EXERCISE DATA: Begin

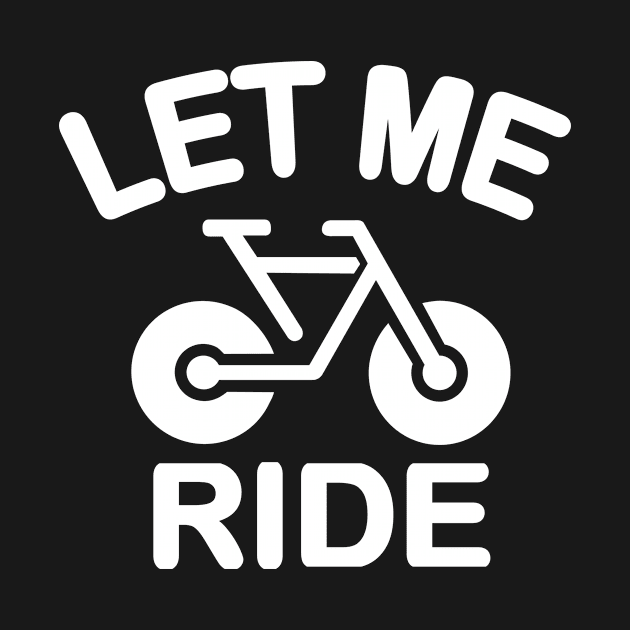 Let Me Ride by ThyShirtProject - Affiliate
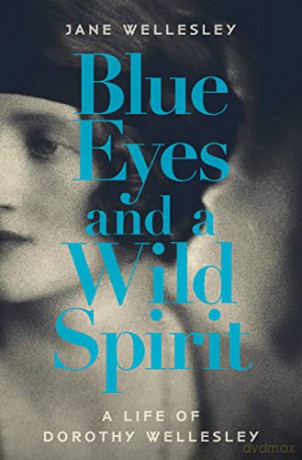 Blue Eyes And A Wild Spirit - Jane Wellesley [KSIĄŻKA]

EXERCISE DATA: End
EXERCISE DATA: Begin

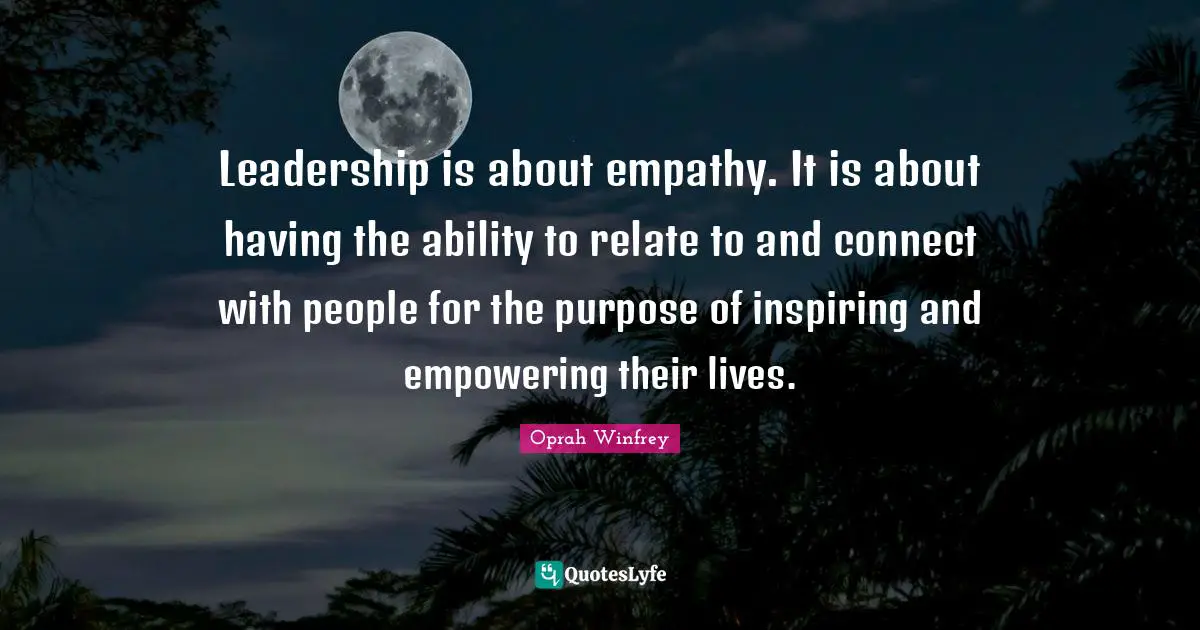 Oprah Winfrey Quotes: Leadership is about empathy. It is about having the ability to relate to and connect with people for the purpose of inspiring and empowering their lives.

EXERCISE DATA: End
EXERCISE DATA: Begin

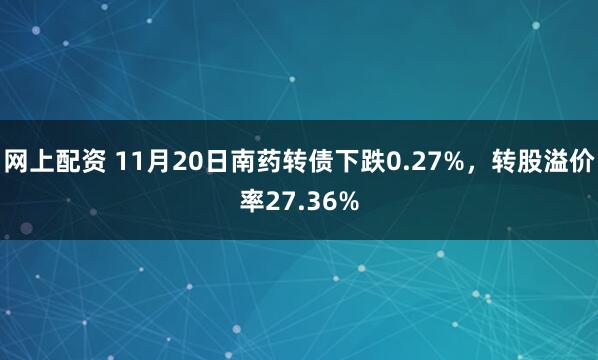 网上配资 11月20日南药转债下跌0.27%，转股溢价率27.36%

EXERCISE DATA: End

### WHAT IS NEEDED
In the listing above, find the line containing "Let Me Ride by ThyShirtProject - Affiliate" and the line containing "Blue Eyes And"; print those lines and every line between them exactly, leaving out pictures.

### WORKED SOLUTION
 Let Me Ride by ThyShirtProject - Affiliate
 Blue Eyes And A Wild Spirit - Jane Wellesley [KSIĄŻKA]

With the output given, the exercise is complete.